Wednesday, March 7, 2012

Learning d3

I have continued to teach myself D3 and Javascript.  I used D3 for my midterm project in Introduction to Visualization.  The project visualization about my own music listening habits using parallel coordinates.  I had previously created a similar visualization using VTK, but I wanted to improve on it by using D3 to create it.

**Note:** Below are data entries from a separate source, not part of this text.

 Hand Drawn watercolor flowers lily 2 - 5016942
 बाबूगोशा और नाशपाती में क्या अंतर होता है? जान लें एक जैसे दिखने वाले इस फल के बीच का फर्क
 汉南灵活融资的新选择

Original visualization using VTK
D3 allowed more flexibility, because the visualization was not using a rigid class.  Everything was explicitly drawn and based on the data it was given.  I used D3's CSV parser to quickly import the data.  I then ran the data through my own implementation of K-means clustering.  I then drew the lines, axises and other features.  I also included a brush tool to help in analysis.  Below are screenshots of the visualization.
This shows the parallel coordinates with K-means Clustering, where K is equal to 3
K-means clustering takes k random data points.  It then assigns every point to one of these k points.  Then the k points are computer to be the average of all points assigned to it.  This is repeated until the assignment of labels does not change.  Since, K-means starts with k random points, the results are different every time it is run.

The pictures below show the usefulness of  the brush tool.  The clusters overlapped and it was difficult to see them, but the brush tool was able to limit what points were in the foreground.

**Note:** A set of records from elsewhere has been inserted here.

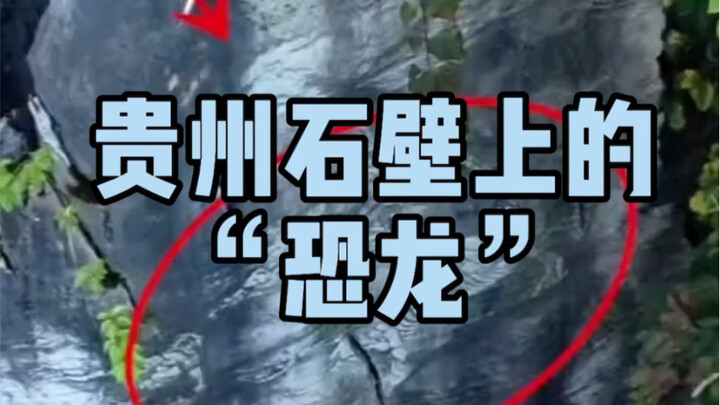 【亮记生物鉴定】贵州石壁上的“恐龙”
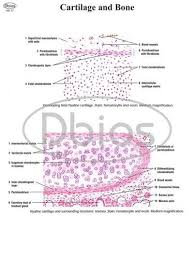 Histology Bone Chart Desh Biological Works 1245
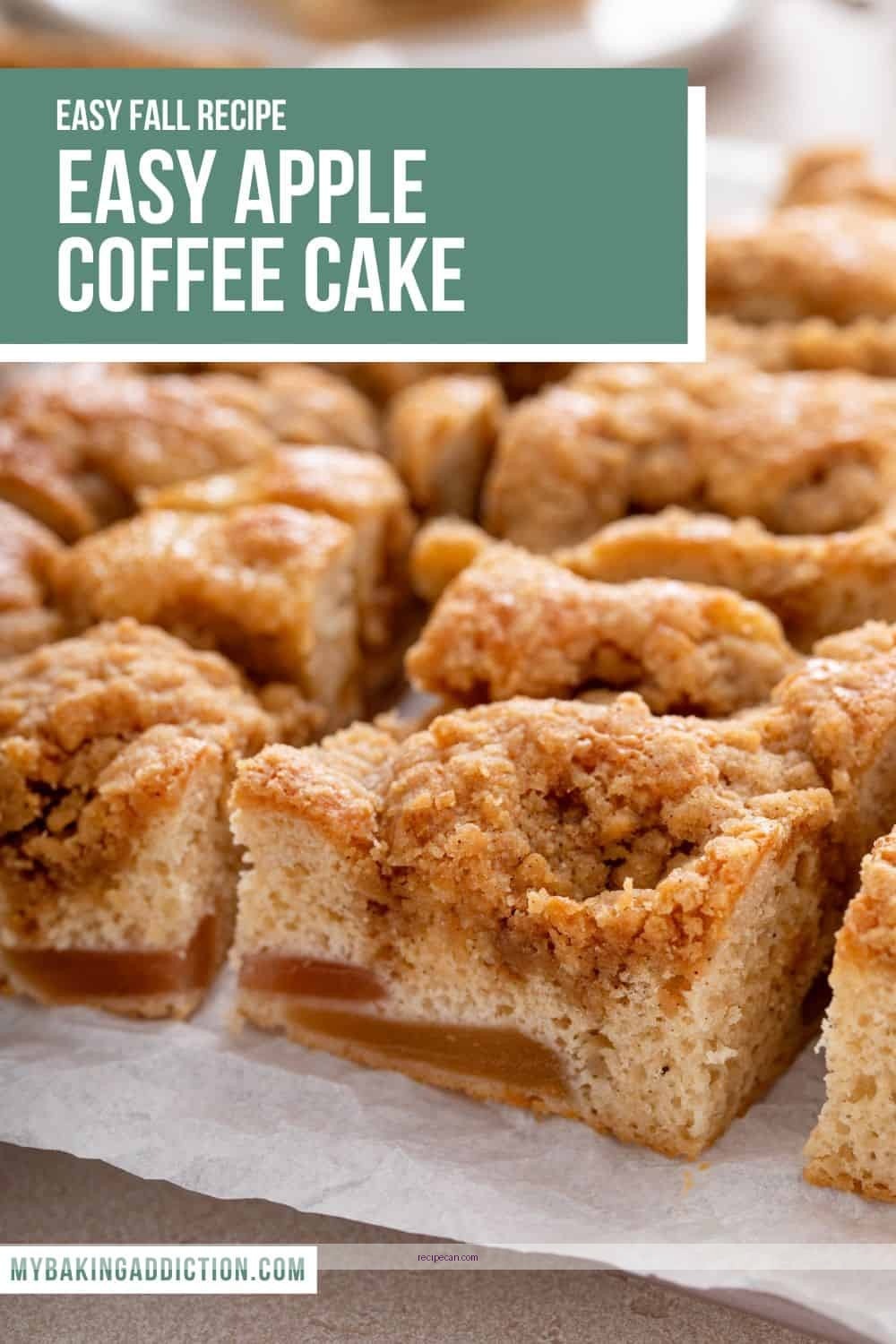 Baking Apple Coffee Cake Step-By-Step Process Kitchen Tools Expert Baking Perfect Apple - apple coffee cake recipes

This is the visualization with k equal to 4 and without the brush tool


This is the same visualization, with the brush tool to limit what points are visible

Monday, February 27, 2012

Starting at the Tetherless World Constellation

After receiving an email about opportunities for research at the TWC, I immediately sent an email to the listed addresses with the intent of researching at the TWC.  After filling out some forms, I was ready to start.

I first read some a paper about the design process of creating an ontology.  The paper was interesting, and not too difficult to read.  It first defined what an ontology was, then moved onto some problems that may arise when creating one.  The paper used the example of wine to illustrate the problems and solutions presented.  After reading the paper I felt confident that I could design an ontology on an abstract level.

The first project i have worked on is the Population Science Grid.  For this project I have been learning the javascript library d3.  D3 is a tool to create interactive data driven visualization.  I first learned html and javacript.  I then did some d3 tutorials, and tried to create some visualizations on my own.  My next step is to take data from a csv file and then use d3 to make a visualization.